AI Compute Infrastructure & Deployment Guide 2026
Scale LLMs from prototype to production. Serverless vs dedicated GPUs, vLLM, TensorRT-LLM, Kubernetes, auto-scaling, and cost optimization patterns.
Moving an LLM from prototype to production is where most AI projects fail. Your demo works fine on a single GPU in your notebook, but production means handling thousands of concurrent requests, maintaining sub-second latency, and keeping costs under control. This guide covers the compute infrastructure decisions that make or break production AI deployments — from choosing between serverless and dedicated GPUs to optimizing inference with specialized serving frameworks.
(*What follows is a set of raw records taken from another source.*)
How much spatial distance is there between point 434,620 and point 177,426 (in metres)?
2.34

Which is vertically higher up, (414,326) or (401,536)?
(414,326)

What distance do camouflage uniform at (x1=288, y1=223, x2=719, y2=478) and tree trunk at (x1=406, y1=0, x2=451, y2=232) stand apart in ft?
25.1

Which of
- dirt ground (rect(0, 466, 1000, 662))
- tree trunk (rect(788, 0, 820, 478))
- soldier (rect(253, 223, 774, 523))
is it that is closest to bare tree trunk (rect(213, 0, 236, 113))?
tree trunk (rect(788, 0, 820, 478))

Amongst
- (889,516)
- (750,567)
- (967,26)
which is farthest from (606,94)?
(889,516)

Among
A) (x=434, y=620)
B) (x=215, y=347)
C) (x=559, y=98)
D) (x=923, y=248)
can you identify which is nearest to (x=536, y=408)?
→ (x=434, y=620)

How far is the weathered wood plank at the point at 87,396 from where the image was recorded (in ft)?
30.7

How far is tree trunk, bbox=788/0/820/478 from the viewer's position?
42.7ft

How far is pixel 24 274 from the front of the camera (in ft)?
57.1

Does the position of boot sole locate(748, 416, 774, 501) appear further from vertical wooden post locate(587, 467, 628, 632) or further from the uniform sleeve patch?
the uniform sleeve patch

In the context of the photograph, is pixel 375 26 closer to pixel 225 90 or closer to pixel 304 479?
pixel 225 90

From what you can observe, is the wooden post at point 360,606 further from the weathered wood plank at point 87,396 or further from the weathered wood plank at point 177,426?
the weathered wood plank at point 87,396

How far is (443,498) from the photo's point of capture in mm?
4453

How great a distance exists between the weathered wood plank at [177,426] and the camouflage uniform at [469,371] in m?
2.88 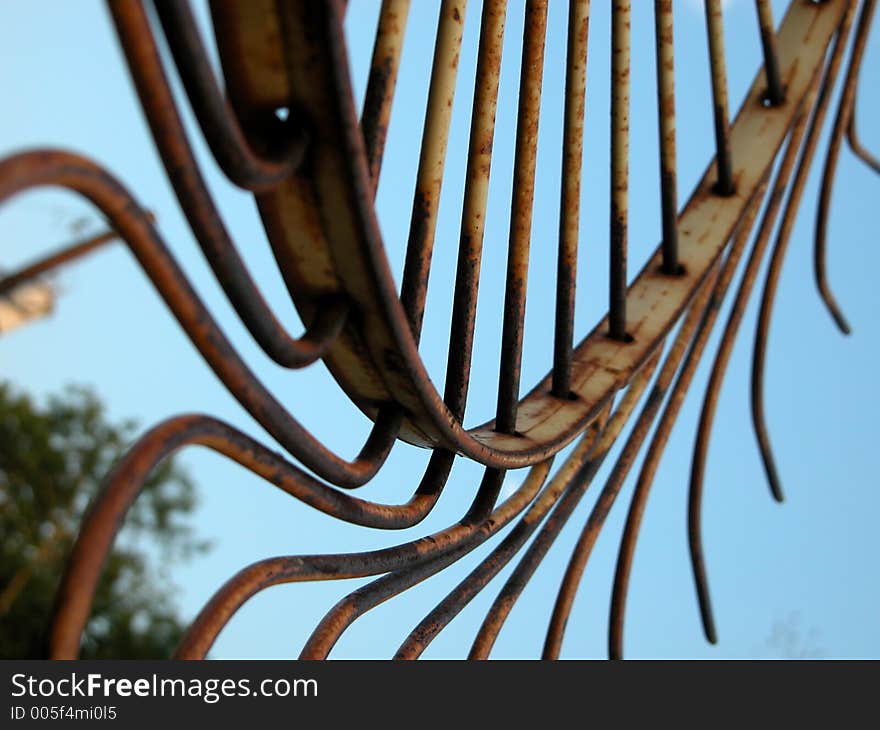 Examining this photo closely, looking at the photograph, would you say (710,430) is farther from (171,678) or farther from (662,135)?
(171,678)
Deployment Options Overview
There are four main ways to run LLMs in production:
| Approach | Best For | Latency | Cost Model | Complexity |
|---|---|---|---|---|
| Managed API (OpenAI, etc.) | Most applications | Low | Per-token | None |
| Serverless GPU | Variable traffic, startups | Cold start | Per-request | Low |
| Dedicated GPU (cloud) | Steady traffic, cost control | Low | Per-hour | Medium |
| On-premise / Colo | Data sovereignty, large scale | Low | CapEx | High |
Start with managed APIs. Move to self-hosting only when you have clear evidence that it will save money or meet requirements that APIs can't. Most teams overestimate their savings from self-hosting and underestimate the operational burden.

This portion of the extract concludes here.